Читаем Рудник. Сибирские хроники полностью

Мать Юлии за этот год сильно постарела. Сферу фанатичной веры, под которой она жила, пересекла огромная трещина, грозившая расколоть купол пополам пугающей вестью: её брат Владимир внезапно принял революцию. Учитель Веселовский как-то принёс листок с фотографией пролетарского вождя, и Юлия увидела: дядя Володя и вождь чем-то похожи. В русском протоиерее, наверное, заговорил его азиатский предок, и предок-азиат вождя притянул его к себе силой общего прошлого.

На одной из воскресных проповедей кафедральный протоиерей призвал прихожан пойти вслед за Лениным!

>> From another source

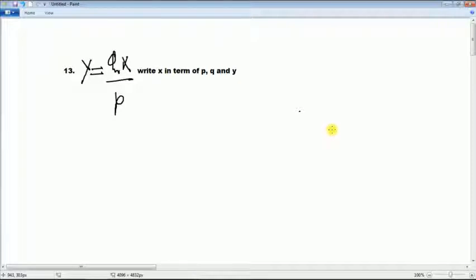Okay, right now we are going to learn about Cambridge International Certification of Secondary Education, June 2016, paper 11, question number 13.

Даже священники-«обновленцы» посчитали сей призыв кощунственным.

Это был страшный удар для старика – иерея отца Николая.

– Что же это делается, господи? – тихо вопрошал он, обращая к иконе измождённо-мученическое лицо. – Большевики-то исказили идею религиозную, посулив Царство Божие, которое воздвигнуть может только Дух Святый. Не узрели молодые горячие очи Володимира за всем сим волю и коварство Антихриста! Ленин он Антихрист и есть. Одно теперь упование на патриарха Тихона.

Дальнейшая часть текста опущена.